Dizem alguns que Passos esperava que houvesse sanções para criar a onda de contestação à maioria de esquerda e, assim, profetizou que em setembro viria aí o diabo – a metáfora da crise. E talvez estivesse a pensar em eleições. Porém, não creio que ele desejasse as sanções: primeiro, porque apesar dos defeitos, não me parece um cínico; depois, porque o seu Governo não escaparia ao labéu de não ter acautelado o disparo do défice o arrastamento dos casos Banif e Novo Banco.
Outros dizem que a decisão de Bruxelas foi boa para Portugal, mas não para Costa. Entendem que a aliança das esquerdas é uma coligação antirreformista, pelo que aquilo que é bom para ela não é para Portugal e vice-versa. Não o creio. Primeiro, há que ter em conta o que é o interesse nacional; e, porque este não foi ainda definido consensualmente – ninguém sabe dizer o que é – é legítimo que as várias formações partidárias divirjam no entendimento do interesse nacional.
Duvido de que o interesse nacional se tivesse defendido melhor se Costa tivera respondido positivamente ao repto de servir como vice-primeiro-ministro de Passos Coelho e ter formado uma grande coligação com o PSD e com o CDS. Quem viu as rasteiras passadas por Passos a Portas e antecipação de comunicação de medidas e linhas vermelhas de Portas a Passos, duvidaria de que uma edição reforçada do Bloco Central contrafortado à direita dificilmente faria séria mossa a Bruxelas e ao marasmo do país
Mas as notícias, não sendo ótimas, acabam por ser boas. A Comissão desistiu de propor sanções a Portugal. Mais do que um governo, este ou o anterior, os portugueses não merecem sanções.

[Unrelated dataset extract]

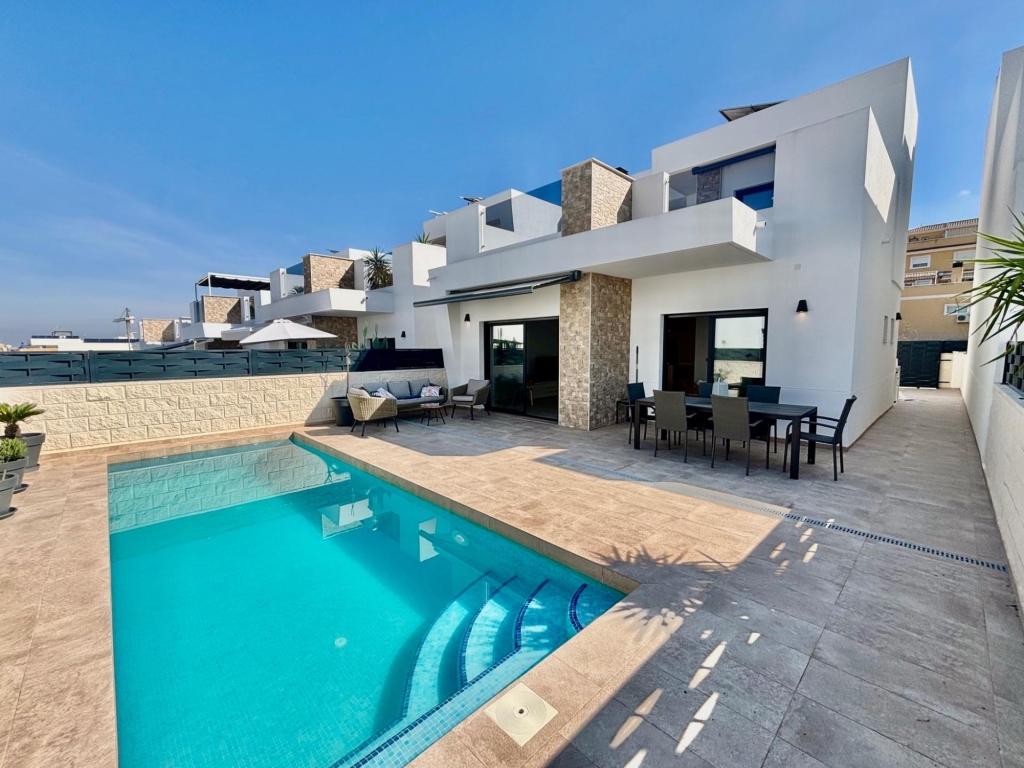 3 Bedroom 2 Bathroom Villa in Benijofar
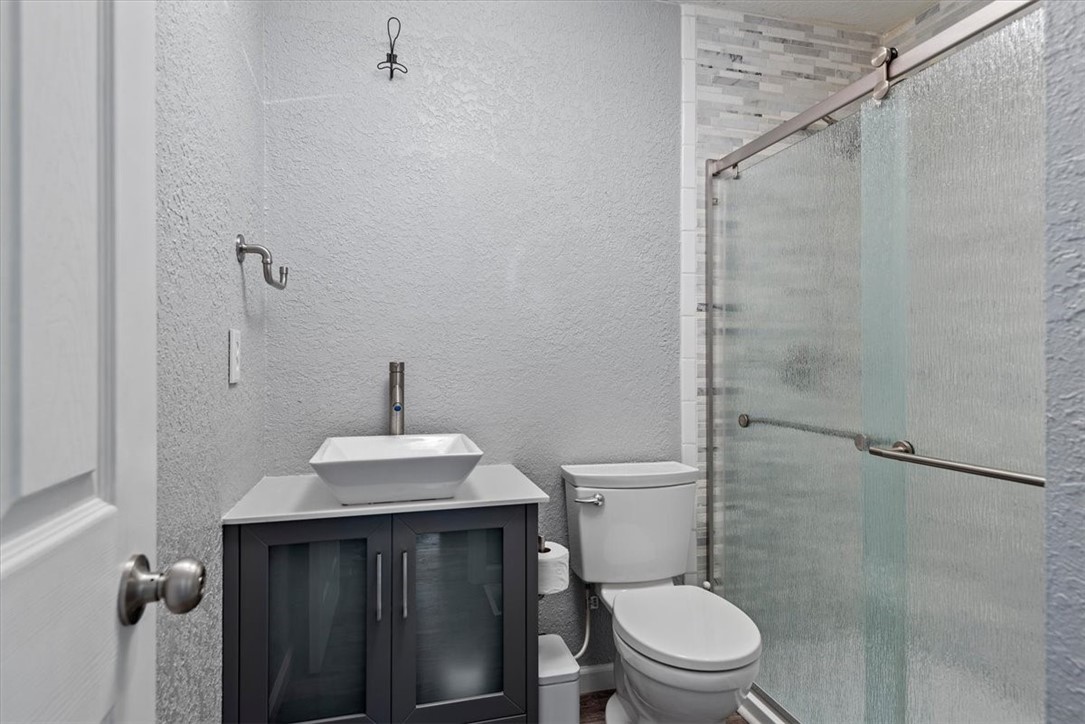 11 Cardinal Drive Property Photo 16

Depois de tantos sacrifícios, a aplicação de sanções constituiria uma agressão por parte da UE e, após a experiência grega e o “Brexit”, as sanções reverteriam contra a própria Europa.

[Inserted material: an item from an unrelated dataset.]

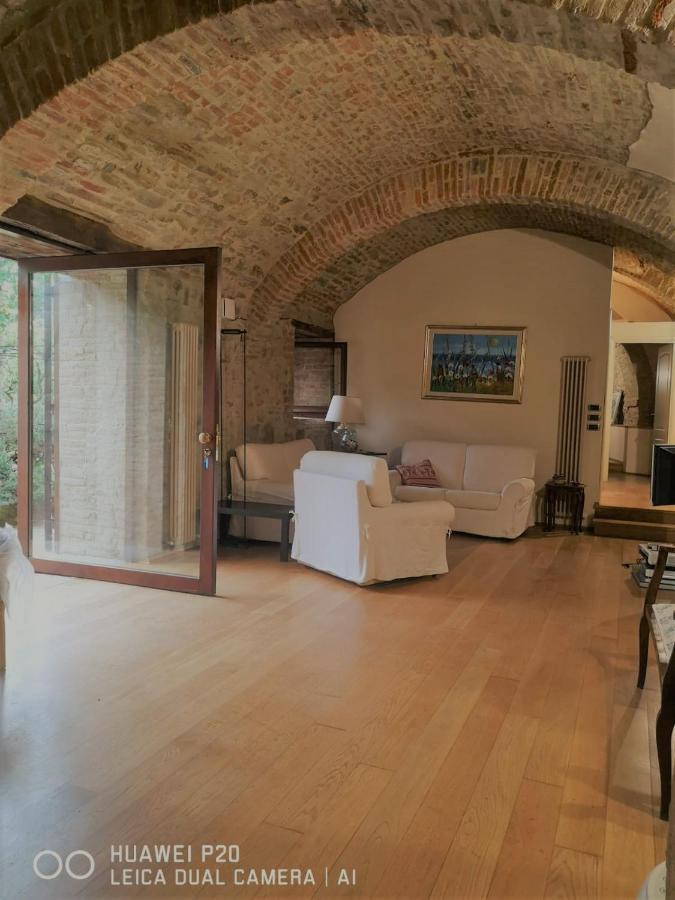 "Il Pollaio" Guests House Apartment Panicale Luaran gambar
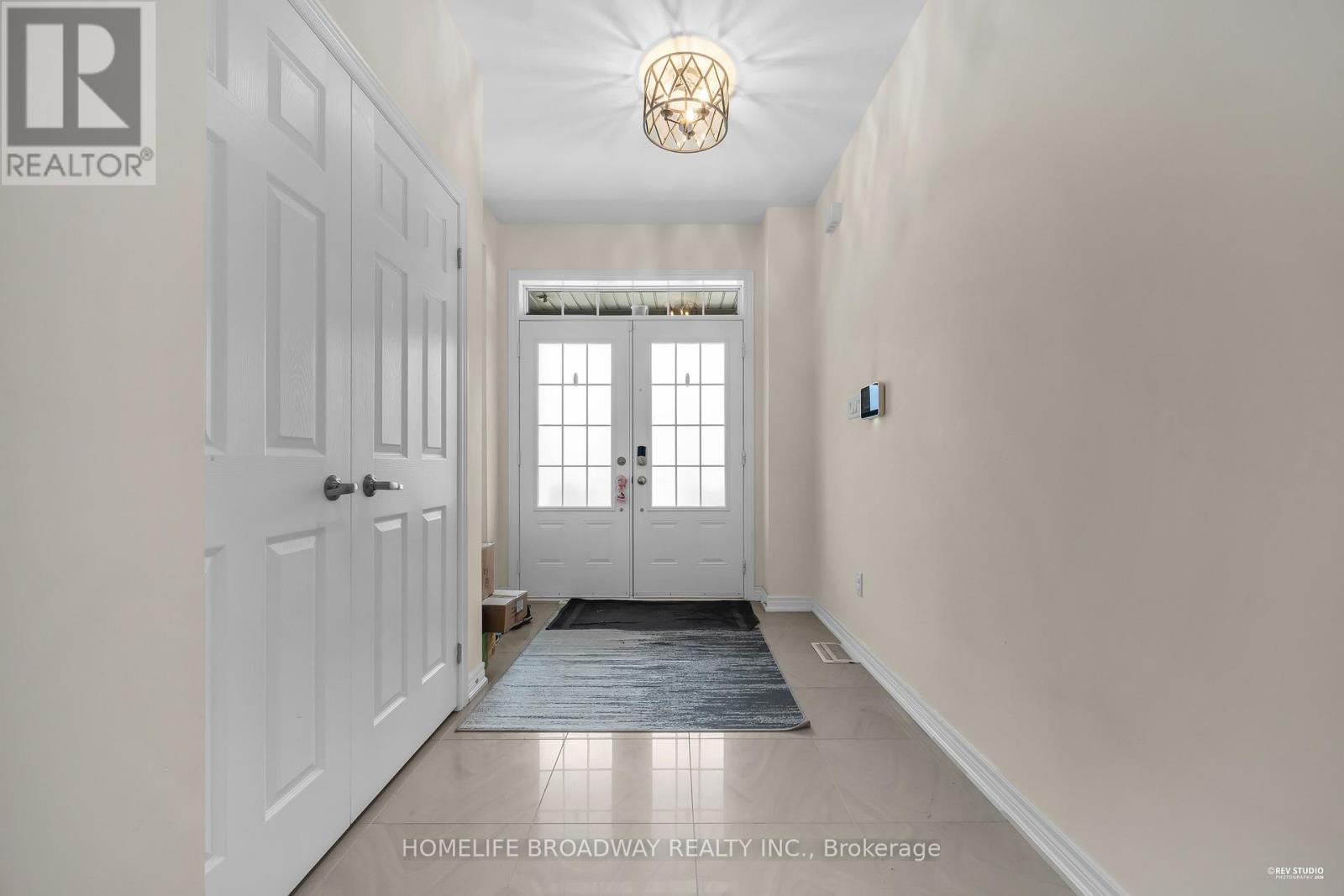 28 PAPER MILLS CRESCENT - 4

Ao desenvencilhar-se do peso sancionatório, o Governo acabou por defender explicitamente a herança de Passos e de Portas, dizendo a Bruxelas que o Governo do PSD-CDS não merece ser sancionado. A Comissão anuiu e deixou cair as sanções. E aí também tem de ser reconhecido o papel do Comissário Carlos Moedas (apesar de tudo um homem pouco tostado com o anterior Governo), o do Presidente Marcelo, aquele que foi ao Parlamento Europeu falar do projeto genuíno de União Europeia, e o do Presidente Francês, que apesar da consternação de Nice veio a Portugal e falou.

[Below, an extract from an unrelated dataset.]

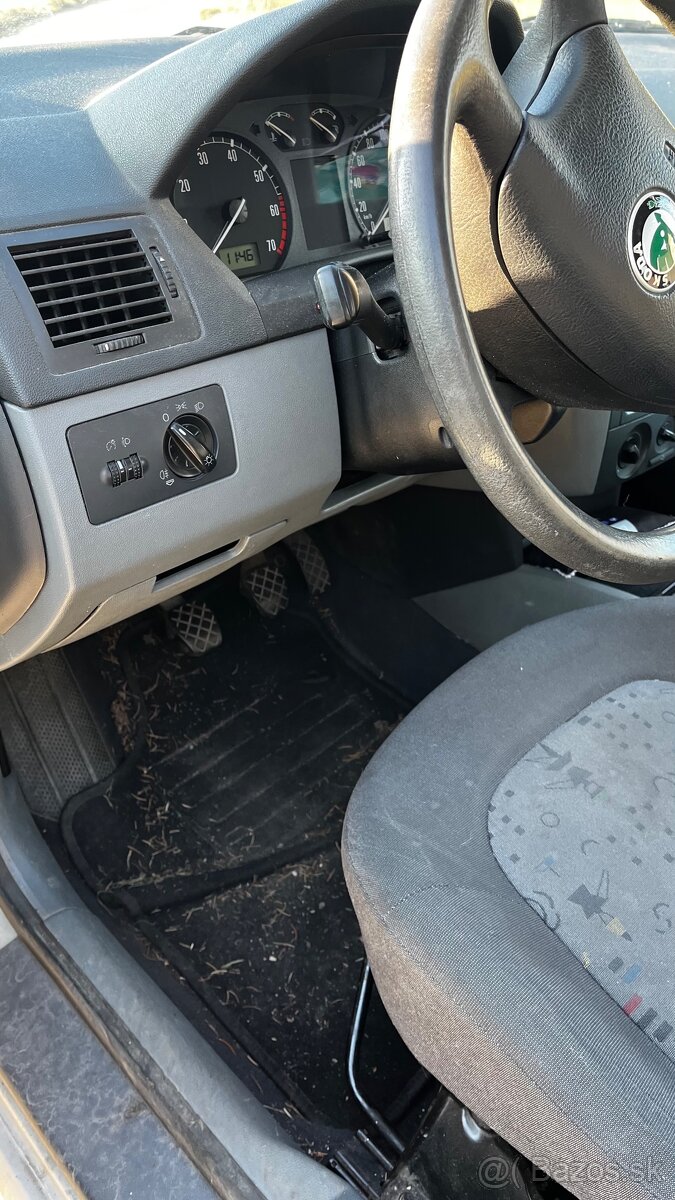 Fabia Junior 1.0 benzín plyn - 10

No entanto, a Comissão mantém a pressão sobre o executivo de Costa para aprovar medidas de contenção ainda para este ano e, sobretudo, para apresentar uma proposta de orçamento para 2017 que respeite as regras do Tratado Orçamental.
Mas Costa indubitavelmente venceu e ganhou pontos: o cancelamento da multa, a subida da meta orçamental de 2016 para 2,5% do PIB e, sobretudo, a não contagem da capitalização da CGD para o défice de 2016, bem como o plano da capitalização deste banco público.
Não eliminou nem amainou as regras europeias, mas susteve os efeitos da sua aplicação. As bolsas de Madrid e de Lisboa acusaram positivamente o toque da decisão de Bruxelas.
Quanto ao orçamento para 2017, veremos o que decidirão os deuses do Olimpo em Bruxelas e como se comportarão os seus sacerdotes e levitas em Portugal.